Besides, it’s not like everything is rosy over at Sony Towers either. PSVR2 has failed to usher the format into the mainstream, and so VR remains a plaything of the rich with a library of curios and tech demos, which is the opposite of the intended outcome. PlayStation’s foray into PC publishing is not going swimmingly. Jim Ryan, Phil Spencer’s opposite number in the Sony ranks, came under fire last year for being a weirdo about abortion rights, whereas the most controversial thing about Phil Spencer is a gauche insistence on wearing pop culture t-shirts with suit jackets.
This is not to say that Sony’s pole position is unearned, or that it’s unclear why Xbox is lagging behind. PlayStation is without question the more prestige brand, has more and better exclusives, and is often the better place for multiplatform titles. Meanwhile, while Xbox has two great machines to offer, its games factory seems like it’s permanently spooling up. At almost three years into the gen, that’s a devastating position to be in. In another three years, we’ll be starting to wonder when the PS6 and Nextbox will be announced, and there’s an extremely non-zero chance that we’ll also be wondering where the hell Fable is.
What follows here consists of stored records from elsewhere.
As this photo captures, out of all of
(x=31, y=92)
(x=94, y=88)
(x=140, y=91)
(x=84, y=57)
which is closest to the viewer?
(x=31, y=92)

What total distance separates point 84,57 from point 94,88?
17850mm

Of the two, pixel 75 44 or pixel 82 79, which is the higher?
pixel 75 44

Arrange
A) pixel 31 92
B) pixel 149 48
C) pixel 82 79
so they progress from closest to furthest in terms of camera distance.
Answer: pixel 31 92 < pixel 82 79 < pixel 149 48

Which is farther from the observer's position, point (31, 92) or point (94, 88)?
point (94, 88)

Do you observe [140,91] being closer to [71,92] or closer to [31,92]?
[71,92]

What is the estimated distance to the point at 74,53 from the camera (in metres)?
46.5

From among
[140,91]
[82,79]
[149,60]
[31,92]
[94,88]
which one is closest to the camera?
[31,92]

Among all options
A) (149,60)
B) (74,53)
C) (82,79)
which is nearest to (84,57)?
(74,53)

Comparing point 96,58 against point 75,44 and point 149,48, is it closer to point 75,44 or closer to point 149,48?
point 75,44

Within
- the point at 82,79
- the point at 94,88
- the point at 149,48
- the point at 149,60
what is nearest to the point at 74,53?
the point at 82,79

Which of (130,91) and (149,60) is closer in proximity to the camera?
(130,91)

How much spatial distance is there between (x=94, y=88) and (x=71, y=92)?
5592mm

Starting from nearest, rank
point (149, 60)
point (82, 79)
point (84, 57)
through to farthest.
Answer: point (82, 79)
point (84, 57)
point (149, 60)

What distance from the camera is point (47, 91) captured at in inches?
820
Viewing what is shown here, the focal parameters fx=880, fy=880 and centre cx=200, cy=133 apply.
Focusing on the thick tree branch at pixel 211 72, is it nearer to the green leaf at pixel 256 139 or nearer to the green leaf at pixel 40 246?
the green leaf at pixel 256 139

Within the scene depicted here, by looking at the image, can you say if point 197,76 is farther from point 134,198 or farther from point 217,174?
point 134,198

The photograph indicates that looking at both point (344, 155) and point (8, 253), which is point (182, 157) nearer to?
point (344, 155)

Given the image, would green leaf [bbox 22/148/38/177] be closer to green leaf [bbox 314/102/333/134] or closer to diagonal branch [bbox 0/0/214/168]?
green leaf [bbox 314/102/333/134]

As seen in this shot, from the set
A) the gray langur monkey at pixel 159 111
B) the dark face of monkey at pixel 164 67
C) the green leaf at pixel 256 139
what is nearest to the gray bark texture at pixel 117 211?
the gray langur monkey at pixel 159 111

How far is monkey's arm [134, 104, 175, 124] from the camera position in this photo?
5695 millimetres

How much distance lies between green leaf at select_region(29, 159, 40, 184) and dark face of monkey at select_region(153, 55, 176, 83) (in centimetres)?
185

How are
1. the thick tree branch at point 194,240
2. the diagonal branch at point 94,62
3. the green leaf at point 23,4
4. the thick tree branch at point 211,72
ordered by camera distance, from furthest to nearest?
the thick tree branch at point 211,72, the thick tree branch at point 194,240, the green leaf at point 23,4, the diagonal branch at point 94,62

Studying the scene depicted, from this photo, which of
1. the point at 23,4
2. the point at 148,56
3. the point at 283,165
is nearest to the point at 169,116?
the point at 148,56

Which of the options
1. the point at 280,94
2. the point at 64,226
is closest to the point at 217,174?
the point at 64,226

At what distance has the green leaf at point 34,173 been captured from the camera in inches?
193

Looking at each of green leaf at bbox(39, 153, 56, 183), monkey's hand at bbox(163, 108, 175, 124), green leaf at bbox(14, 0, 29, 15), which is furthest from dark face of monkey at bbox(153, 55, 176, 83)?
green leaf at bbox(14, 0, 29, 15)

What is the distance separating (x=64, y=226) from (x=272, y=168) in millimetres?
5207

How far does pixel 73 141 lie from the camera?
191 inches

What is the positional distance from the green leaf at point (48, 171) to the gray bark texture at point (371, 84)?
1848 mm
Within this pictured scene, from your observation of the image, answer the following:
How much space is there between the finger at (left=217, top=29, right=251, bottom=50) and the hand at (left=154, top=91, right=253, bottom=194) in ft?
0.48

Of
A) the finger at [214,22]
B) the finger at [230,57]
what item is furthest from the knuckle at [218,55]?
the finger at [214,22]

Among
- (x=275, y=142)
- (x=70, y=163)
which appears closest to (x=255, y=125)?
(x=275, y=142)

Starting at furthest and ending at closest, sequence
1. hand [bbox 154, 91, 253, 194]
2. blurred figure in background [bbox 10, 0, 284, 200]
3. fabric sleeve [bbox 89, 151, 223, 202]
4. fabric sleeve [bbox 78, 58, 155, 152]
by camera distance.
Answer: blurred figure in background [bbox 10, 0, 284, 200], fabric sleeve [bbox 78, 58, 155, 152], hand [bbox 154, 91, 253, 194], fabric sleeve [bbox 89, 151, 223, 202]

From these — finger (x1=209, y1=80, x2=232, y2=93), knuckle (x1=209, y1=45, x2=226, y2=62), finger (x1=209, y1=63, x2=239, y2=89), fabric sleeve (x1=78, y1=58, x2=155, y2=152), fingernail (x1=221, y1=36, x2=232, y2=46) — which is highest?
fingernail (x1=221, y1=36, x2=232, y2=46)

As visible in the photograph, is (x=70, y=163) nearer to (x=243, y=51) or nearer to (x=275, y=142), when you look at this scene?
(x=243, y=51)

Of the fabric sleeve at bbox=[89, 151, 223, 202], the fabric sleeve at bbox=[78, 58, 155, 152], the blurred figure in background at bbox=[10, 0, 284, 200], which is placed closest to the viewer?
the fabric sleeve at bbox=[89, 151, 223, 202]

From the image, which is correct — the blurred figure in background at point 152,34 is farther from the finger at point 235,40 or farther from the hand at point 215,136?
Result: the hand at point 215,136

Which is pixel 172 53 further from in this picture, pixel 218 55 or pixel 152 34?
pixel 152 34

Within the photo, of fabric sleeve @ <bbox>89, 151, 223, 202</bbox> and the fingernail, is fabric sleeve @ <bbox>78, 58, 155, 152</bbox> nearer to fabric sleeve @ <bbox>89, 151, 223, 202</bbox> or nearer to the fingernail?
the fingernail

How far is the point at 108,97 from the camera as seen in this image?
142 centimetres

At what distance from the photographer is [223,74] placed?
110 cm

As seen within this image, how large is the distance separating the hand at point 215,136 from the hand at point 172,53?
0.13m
It’s not all doom and gloom. A few weeks ago, PC Game Pass underwent a massive expansion into 40 new countries, potentially bringing untold millions into the Xbox fold via a subscription that’s perfectly positioned to catch those consumers who exist outside of the traditional Big Three markets. On the games side, the Beyonce-dropped Hi-Fi Rush proved that Microsoft still has the ability to shock and surprise us with a delightful reveal, harking back to the legendary conference flexes of the E3 era. Starfield will, no matter the myriad ways it will fall on its arse at launch, be an incredible game with a very long tail. Obsidian still has Avowed and Outer Worlds 2 left in the chamber, and that’s just the two projects we know it’s working on.
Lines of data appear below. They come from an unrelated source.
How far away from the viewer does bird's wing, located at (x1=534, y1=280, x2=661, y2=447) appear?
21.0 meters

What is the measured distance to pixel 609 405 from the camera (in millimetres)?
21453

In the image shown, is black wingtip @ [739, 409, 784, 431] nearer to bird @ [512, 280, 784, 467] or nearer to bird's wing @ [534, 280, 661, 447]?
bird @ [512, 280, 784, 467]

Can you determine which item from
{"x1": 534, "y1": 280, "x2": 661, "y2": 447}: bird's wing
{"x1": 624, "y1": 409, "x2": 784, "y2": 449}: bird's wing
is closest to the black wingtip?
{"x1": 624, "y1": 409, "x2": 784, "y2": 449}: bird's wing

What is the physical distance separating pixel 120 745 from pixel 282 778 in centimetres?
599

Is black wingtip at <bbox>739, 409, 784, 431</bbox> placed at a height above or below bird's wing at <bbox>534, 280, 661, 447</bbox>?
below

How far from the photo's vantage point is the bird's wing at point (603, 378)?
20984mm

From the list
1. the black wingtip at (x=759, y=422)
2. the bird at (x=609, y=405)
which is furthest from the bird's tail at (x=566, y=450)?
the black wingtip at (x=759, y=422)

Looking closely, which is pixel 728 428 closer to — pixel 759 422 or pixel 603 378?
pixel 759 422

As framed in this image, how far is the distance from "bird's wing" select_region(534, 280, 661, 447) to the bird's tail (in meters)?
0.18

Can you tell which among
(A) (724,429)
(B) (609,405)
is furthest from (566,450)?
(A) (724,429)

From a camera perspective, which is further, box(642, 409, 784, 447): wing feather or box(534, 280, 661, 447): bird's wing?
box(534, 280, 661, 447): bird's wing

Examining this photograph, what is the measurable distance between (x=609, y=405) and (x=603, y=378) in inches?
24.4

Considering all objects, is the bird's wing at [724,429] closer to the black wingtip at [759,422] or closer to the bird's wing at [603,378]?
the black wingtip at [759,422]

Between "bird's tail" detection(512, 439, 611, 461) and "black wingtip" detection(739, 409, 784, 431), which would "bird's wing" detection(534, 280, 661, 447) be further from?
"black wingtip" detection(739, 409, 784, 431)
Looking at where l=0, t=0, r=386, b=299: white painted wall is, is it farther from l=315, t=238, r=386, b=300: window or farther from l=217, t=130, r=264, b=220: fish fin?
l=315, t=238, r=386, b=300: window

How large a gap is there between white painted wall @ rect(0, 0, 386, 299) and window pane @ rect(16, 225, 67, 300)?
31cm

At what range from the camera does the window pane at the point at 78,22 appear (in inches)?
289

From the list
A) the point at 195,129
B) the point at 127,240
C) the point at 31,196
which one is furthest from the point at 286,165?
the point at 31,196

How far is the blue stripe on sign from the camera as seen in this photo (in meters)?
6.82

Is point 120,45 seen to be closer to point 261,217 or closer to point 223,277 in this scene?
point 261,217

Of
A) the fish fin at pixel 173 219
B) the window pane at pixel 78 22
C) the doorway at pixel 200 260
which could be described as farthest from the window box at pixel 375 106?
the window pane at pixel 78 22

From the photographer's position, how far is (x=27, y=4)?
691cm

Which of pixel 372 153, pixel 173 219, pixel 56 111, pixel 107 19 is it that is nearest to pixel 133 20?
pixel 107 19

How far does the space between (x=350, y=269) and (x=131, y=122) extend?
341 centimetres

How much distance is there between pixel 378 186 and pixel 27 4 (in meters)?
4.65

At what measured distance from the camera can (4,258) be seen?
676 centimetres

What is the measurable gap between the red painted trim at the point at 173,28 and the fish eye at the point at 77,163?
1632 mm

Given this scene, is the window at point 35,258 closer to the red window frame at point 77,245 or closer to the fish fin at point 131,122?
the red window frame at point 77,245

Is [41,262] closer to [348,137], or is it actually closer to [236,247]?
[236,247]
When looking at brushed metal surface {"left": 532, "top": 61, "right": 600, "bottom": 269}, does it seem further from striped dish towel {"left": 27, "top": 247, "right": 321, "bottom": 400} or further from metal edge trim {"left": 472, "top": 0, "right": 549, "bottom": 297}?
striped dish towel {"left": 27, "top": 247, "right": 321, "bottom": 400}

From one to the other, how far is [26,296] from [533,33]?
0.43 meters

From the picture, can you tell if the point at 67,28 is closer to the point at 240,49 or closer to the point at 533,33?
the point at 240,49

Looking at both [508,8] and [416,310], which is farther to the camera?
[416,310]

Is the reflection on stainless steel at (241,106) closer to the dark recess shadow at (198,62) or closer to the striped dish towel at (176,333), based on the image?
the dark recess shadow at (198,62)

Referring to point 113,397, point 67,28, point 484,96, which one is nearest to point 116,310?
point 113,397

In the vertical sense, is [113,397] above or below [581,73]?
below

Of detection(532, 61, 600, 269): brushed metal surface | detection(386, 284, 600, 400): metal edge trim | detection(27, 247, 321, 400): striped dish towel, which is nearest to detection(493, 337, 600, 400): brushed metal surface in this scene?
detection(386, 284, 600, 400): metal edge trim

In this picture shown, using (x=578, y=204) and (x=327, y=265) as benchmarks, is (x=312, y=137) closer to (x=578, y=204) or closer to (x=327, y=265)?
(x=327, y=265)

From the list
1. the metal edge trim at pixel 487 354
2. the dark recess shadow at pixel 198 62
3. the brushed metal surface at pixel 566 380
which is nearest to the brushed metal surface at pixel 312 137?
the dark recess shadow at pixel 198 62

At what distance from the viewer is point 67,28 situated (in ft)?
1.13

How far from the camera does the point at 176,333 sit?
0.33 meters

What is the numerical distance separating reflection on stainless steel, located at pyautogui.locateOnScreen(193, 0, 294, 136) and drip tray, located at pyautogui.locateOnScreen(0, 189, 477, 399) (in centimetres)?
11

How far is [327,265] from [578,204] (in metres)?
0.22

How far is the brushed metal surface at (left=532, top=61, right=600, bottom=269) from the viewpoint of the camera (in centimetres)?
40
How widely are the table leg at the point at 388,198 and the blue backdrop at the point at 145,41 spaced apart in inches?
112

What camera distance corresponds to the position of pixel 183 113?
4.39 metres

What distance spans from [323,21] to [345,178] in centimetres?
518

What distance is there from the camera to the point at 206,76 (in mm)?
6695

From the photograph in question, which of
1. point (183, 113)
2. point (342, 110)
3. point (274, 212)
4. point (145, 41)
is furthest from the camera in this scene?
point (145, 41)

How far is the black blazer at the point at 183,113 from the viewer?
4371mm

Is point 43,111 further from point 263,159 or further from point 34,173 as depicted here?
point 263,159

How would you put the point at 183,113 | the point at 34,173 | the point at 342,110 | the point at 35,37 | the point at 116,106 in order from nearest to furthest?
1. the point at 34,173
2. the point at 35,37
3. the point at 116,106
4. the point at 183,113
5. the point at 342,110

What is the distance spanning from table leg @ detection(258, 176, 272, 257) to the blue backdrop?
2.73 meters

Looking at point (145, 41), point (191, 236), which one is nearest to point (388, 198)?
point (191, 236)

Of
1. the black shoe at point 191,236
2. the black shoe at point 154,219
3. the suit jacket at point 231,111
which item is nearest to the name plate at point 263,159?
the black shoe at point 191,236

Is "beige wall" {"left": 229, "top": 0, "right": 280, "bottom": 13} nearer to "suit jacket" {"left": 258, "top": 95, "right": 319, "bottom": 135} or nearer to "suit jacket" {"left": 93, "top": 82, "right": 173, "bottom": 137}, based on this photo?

And though it’s now more or less wound down, the backward compatibility program has been a huge boon for Series X/S, with performance and fidelity boosts available for 360 era games that make this ageing millennial cry regular tears of joy at pristine renditions of the Fable trilogy, Oblivion, the original Assassin’s Creed, and Red Dead Redemption to name but a scant few. Xbox has an incredible back catalogue and enough talent in the roster to start winning again: we catch glimpses of it all the time. Perhaps we just need to give them another year.
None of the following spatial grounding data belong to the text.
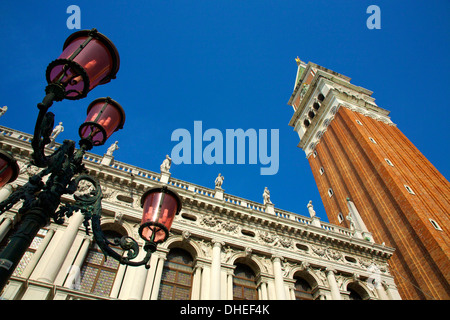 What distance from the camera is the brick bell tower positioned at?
2244 cm

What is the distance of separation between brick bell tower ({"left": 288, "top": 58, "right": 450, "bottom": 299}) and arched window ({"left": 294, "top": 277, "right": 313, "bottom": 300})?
6618 millimetres

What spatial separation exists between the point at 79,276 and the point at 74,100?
9.54 meters

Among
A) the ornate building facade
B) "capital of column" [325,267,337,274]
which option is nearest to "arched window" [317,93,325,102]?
the ornate building facade

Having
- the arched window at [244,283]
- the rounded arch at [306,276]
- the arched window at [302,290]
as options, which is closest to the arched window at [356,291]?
the rounded arch at [306,276]

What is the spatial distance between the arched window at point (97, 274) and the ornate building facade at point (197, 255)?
0.04 meters

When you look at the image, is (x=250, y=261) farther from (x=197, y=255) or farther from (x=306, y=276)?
(x=306, y=276)

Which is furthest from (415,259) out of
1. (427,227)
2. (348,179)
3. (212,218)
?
(212,218)

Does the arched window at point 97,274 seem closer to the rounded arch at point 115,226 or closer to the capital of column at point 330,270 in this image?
the rounded arch at point 115,226

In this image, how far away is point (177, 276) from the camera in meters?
14.1

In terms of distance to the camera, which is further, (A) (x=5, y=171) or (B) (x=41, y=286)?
(B) (x=41, y=286)

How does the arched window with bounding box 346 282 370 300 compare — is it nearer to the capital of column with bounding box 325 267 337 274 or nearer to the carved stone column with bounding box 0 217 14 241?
the capital of column with bounding box 325 267 337 274

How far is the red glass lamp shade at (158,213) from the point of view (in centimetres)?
561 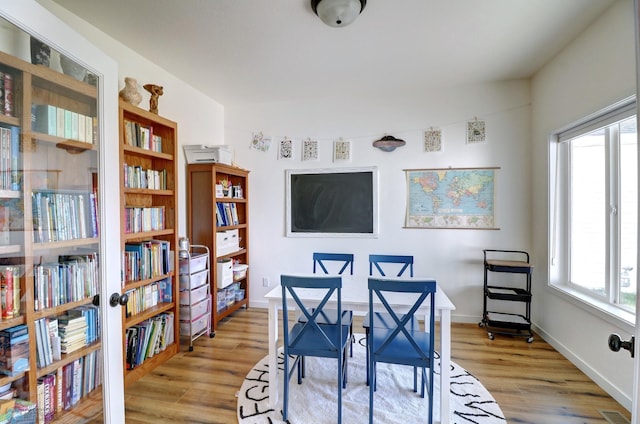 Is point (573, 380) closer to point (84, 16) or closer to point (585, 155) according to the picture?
point (585, 155)

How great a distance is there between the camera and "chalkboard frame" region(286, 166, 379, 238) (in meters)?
3.40

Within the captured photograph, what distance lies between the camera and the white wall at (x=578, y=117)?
6.09 feet

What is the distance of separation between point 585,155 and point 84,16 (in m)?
4.07

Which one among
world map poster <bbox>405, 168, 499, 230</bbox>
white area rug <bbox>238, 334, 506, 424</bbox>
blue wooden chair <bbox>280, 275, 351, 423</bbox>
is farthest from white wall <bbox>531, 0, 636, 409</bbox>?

I hope Xbox has a lot of meat to throw us on June 11, and that Xbox can move on from this year’s string of disappointments and into a brighter future. PlayStation fans should hope for the best too, because frankly we all benefit when there’s a strong Microsoft to keep Sony on their toes. There’s plenty of room in this industry for more than one ecosystem to flourish, and plenty of money sloshing around in the system to support multiple business models. Microsoft has created a great foundation for a low-barrier, flatly priced platform where innovative projects and artistic curiosities can find an audience alongside the tentpoles that keep it viable.
But while all the tentpoles have gotten lost in the post, time is running out to make the new Xbox ecosystem a viable one in the long term. So let’s hope that more Starfield gameplay isn’t the biggest news on June 11.